Quentin Dupieux, 2020 (France)
FILM DE VACANCES : DEUX POTES TRANQUILLES EN ABSURDIE
Je suis sorti du film bien motivé, avec l’envie de rédiger une note bien construite, pleine d’idées, un truc fun et nouveau. J’avais les arguments pour replacer Mandibules dans la filmo de Dupieux et l’inscrire dans une nouvelle vague du cinéma français, décrivant une situation ordinaire à l’échelle de l’individu et auquel le recours à un fantastique discret, sans étonnement, rend toute sa singularité. Puis les jours ont passé. J’ai vu Godzilla vs Kong et j’ai eu la flemme. Alors voilà. Bon… Pfff. Ouais.
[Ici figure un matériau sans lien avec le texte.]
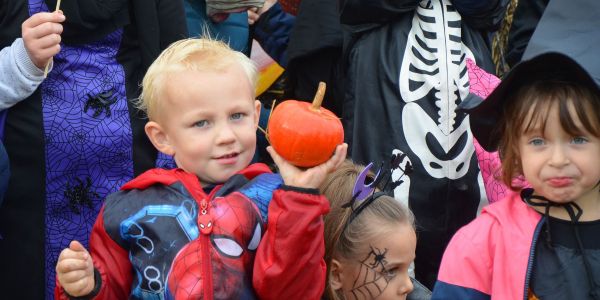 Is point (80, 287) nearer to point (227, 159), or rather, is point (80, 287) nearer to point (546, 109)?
point (227, 159)

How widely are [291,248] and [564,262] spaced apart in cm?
Answer: 83

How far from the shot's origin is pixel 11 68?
3400 millimetres

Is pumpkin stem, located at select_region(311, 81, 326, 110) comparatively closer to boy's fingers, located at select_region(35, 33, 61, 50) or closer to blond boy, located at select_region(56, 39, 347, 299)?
blond boy, located at select_region(56, 39, 347, 299)

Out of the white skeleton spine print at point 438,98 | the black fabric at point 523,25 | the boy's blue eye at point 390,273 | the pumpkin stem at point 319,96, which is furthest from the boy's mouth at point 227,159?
the black fabric at point 523,25

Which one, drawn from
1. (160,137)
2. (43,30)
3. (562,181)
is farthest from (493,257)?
(43,30)

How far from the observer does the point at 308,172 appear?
2586 millimetres

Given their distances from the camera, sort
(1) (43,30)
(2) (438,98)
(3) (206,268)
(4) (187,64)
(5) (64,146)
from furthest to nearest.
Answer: (2) (438,98), (5) (64,146), (1) (43,30), (4) (187,64), (3) (206,268)

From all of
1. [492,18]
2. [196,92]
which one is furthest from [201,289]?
[492,18]

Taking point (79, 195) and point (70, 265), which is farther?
point (79, 195)

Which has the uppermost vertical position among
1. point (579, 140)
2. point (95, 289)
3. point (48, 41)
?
point (579, 140)

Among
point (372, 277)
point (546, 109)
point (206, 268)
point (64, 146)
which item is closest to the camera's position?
point (206, 268)

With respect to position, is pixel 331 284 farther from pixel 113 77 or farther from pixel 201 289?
pixel 113 77

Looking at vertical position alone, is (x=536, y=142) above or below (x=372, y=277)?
above

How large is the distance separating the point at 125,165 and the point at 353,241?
97 centimetres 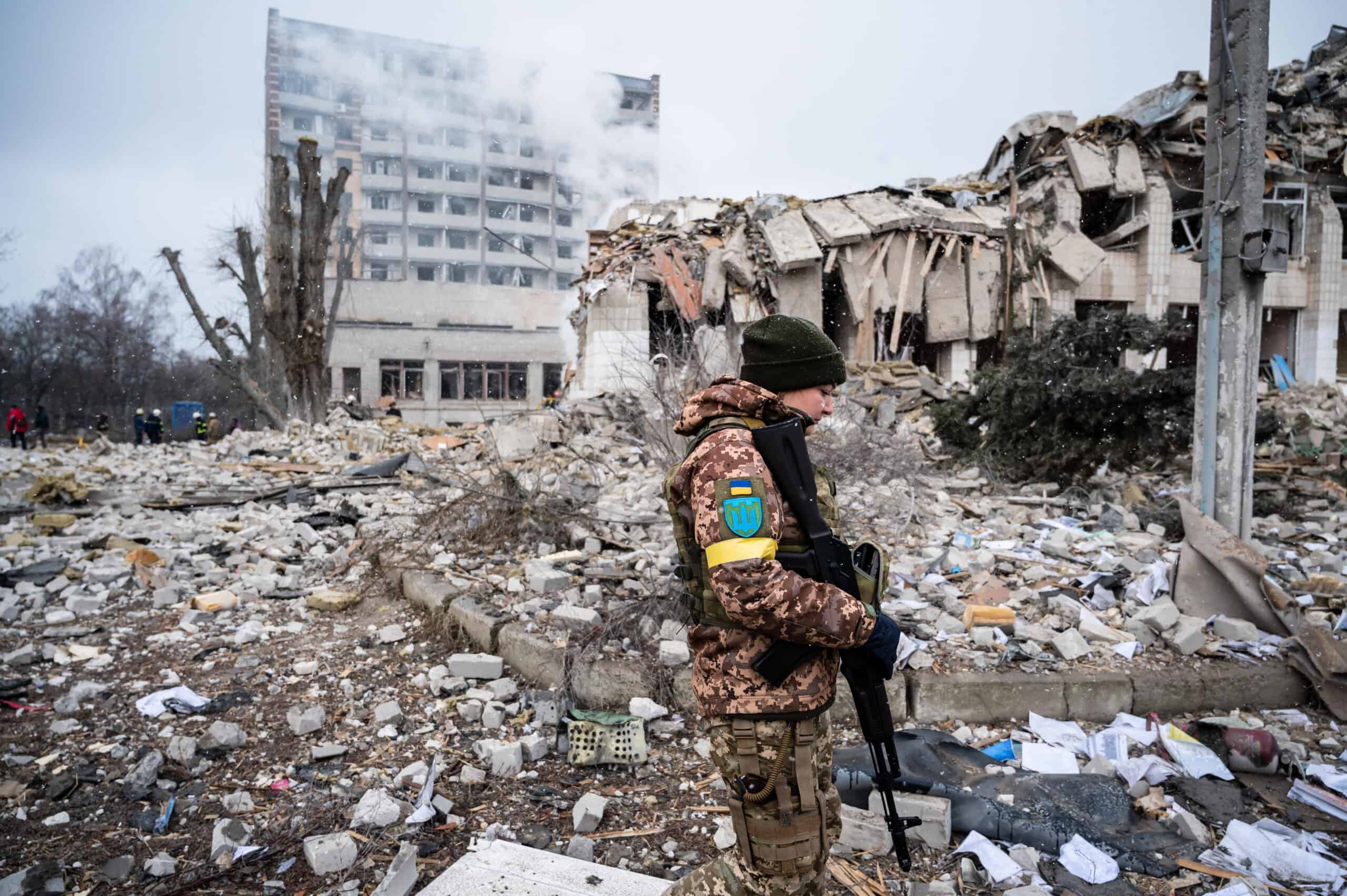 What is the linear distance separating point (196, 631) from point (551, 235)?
52.2 metres

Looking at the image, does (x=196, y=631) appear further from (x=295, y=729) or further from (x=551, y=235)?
(x=551, y=235)

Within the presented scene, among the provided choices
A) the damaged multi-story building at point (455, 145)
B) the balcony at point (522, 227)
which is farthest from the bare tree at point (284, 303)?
the balcony at point (522, 227)

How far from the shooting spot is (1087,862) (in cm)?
245

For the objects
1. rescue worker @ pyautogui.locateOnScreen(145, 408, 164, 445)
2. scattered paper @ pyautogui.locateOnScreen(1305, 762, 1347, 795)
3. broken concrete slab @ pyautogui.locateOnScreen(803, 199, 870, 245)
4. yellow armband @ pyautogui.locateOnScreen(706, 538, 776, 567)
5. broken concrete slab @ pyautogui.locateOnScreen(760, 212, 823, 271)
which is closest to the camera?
yellow armband @ pyautogui.locateOnScreen(706, 538, 776, 567)

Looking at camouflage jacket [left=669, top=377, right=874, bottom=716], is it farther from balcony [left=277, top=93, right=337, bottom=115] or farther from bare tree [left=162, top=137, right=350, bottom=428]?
balcony [left=277, top=93, right=337, bottom=115]

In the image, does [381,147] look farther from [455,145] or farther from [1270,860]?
[1270,860]

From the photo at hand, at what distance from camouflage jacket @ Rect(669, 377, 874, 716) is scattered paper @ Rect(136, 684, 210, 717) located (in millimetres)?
3036

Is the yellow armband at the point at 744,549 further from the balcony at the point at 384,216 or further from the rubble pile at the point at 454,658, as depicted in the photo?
the balcony at the point at 384,216

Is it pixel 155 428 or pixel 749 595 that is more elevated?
pixel 155 428

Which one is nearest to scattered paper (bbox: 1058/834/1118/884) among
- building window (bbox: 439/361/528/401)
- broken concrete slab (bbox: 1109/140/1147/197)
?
broken concrete slab (bbox: 1109/140/1147/197)

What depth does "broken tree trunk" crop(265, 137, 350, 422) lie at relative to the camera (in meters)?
17.9

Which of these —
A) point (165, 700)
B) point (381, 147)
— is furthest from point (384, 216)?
point (165, 700)

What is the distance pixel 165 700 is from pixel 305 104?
5723 centimetres

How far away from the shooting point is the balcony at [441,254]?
53.7 m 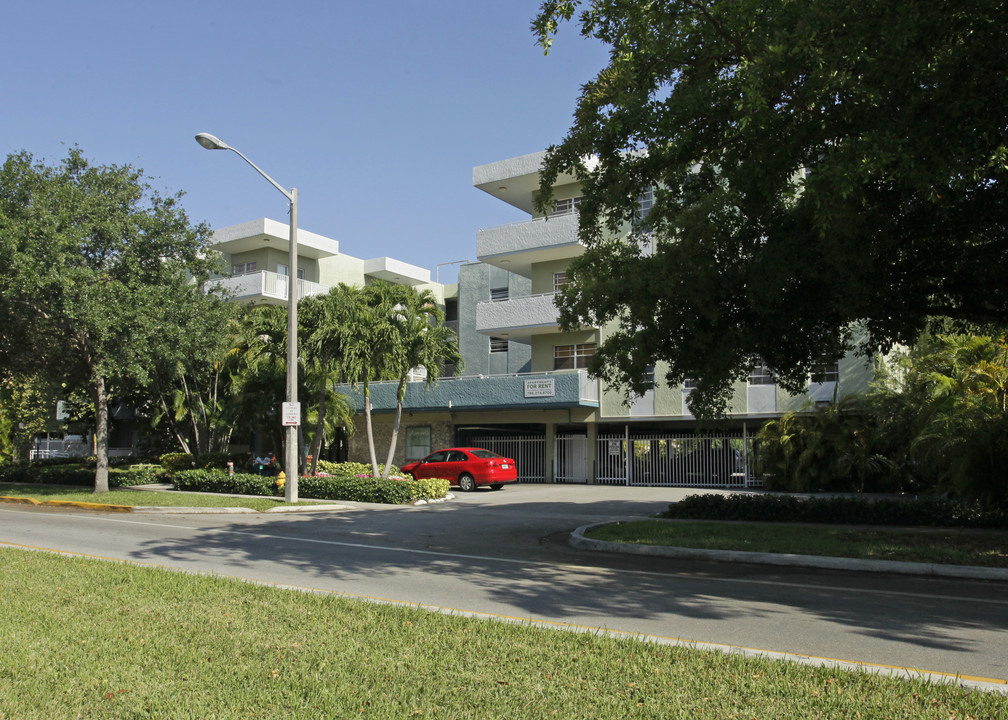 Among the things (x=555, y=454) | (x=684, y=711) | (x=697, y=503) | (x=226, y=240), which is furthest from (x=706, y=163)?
(x=226, y=240)

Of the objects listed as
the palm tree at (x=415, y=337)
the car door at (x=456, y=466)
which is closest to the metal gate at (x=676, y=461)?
the car door at (x=456, y=466)

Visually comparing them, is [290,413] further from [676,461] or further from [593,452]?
[676,461]

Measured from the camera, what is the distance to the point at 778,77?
9.30 m

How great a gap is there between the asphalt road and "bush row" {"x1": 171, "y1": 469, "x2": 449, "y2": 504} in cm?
367

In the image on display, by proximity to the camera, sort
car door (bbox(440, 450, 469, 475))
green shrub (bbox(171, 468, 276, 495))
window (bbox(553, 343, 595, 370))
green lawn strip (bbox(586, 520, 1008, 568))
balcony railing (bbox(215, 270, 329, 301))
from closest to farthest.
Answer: green lawn strip (bbox(586, 520, 1008, 568)) → green shrub (bbox(171, 468, 276, 495)) → car door (bbox(440, 450, 469, 475)) → window (bbox(553, 343, 595, 370)) → balcony railing (bbox(215, 270, 329, 301))

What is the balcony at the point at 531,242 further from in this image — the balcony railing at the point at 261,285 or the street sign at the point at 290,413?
the street sign at the point at 290,413

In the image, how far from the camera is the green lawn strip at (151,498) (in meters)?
19.7

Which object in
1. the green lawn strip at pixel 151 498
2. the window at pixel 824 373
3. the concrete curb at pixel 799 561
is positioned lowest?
the green lawn strip at pixel 151 498

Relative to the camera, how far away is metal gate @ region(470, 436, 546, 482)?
31.8 meters

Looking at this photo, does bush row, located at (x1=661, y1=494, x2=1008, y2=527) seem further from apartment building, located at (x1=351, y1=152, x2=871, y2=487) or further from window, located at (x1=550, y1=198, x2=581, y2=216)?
window, located at (x1=550, y1=198, x2=581, y2=216)

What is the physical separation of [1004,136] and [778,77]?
2.56m

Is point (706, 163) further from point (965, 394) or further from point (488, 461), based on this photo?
point (488, 461)

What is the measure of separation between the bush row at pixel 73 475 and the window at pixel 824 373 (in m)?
23.6

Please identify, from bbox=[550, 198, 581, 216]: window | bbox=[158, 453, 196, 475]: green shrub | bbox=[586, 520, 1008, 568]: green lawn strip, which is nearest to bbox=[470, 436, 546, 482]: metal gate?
bbox=[550, 198, 581, 216]: window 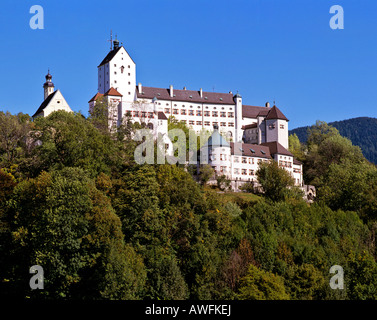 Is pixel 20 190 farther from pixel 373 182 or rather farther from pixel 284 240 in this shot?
pixel 373 182

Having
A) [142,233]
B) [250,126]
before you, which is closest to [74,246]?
[142,233]

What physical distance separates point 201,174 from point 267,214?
18.5 meters

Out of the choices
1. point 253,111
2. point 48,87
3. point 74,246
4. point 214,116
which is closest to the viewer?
point 74,246

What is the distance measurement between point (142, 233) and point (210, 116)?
54.3 meters

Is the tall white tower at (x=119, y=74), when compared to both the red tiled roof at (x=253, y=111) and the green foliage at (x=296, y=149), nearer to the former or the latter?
the red tiled roof at (x=253, y=111)

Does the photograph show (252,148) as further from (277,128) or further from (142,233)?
(142,233)

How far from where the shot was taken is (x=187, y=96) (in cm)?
11212

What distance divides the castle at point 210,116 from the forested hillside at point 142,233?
1561cm

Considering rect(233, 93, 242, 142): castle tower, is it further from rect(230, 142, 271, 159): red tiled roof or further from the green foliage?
rect(230, 142, 271, 159): red tiled roof

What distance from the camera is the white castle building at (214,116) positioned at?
3622 inches

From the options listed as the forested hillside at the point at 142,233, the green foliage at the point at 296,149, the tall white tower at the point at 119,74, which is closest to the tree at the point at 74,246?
the forested hillside at the point at 142,233

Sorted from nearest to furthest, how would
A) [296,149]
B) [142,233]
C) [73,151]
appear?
[142,233], [73,151], [296,149]

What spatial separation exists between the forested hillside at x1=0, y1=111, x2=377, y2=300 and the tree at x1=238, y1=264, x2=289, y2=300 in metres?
0.08

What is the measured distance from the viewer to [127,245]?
191 feet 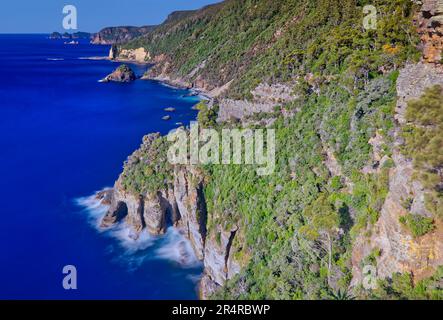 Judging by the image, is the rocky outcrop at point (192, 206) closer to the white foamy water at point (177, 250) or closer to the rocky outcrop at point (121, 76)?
the white foamy water at point (177, 250)

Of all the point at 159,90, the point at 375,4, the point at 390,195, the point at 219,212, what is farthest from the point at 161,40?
the point at 390,195

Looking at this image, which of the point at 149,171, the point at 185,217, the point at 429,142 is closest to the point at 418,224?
the point at 429,142

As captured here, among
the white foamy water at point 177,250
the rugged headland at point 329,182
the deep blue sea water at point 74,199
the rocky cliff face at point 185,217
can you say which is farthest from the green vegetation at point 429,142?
the white foamy water at point 177,250

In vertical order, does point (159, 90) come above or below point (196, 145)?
above

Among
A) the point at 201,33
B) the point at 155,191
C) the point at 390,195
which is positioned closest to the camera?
the point at 390,195

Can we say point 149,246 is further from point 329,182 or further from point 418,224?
point 418,224

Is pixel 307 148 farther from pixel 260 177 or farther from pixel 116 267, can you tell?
pixel 116 267

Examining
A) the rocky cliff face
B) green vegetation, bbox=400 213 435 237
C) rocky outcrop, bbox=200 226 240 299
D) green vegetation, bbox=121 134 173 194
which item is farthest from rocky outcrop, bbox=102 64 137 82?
green vegetation, bbox=400 213 435 237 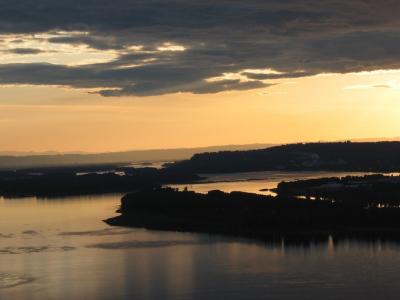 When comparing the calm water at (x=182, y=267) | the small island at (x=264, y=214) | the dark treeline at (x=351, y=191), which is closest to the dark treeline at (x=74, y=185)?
the dark treeline at (x=351, y=191)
2ème paragraphe. J’ai bien aimé Mandibules. Moins exigeant que Le daim (2019) ou même qu’Au Poste ! (2018). Mandibules digère lentement les précédents films de Dupieux, les plans « rappels » foisonnent (un pneu suivi en travelling une seconde, une photo d’ensemble jaunie, des VHS qui traînent…). On a l’impression d’une forme légère sur une surface accessible. On trouve très sympatoches les deux zigotos que rien de farfelu n’effraie, Manu et Jean-Gab (Grégoire Ludig et David Marsais que l’on ne s’étonne pas de trouver chez Dupieux), tous les deux aussi strange que simplets. Attachants en fait. Dupieux soigne son casting, le Palmashow comme jadis Eric et Ramzy, Adèle Exarchopoulos en neuneue hystérique, India Hair qui nous fait faire le lien avec le Poissonsexe de Babinet (2020), Bruno Lochet en vieux babos associal…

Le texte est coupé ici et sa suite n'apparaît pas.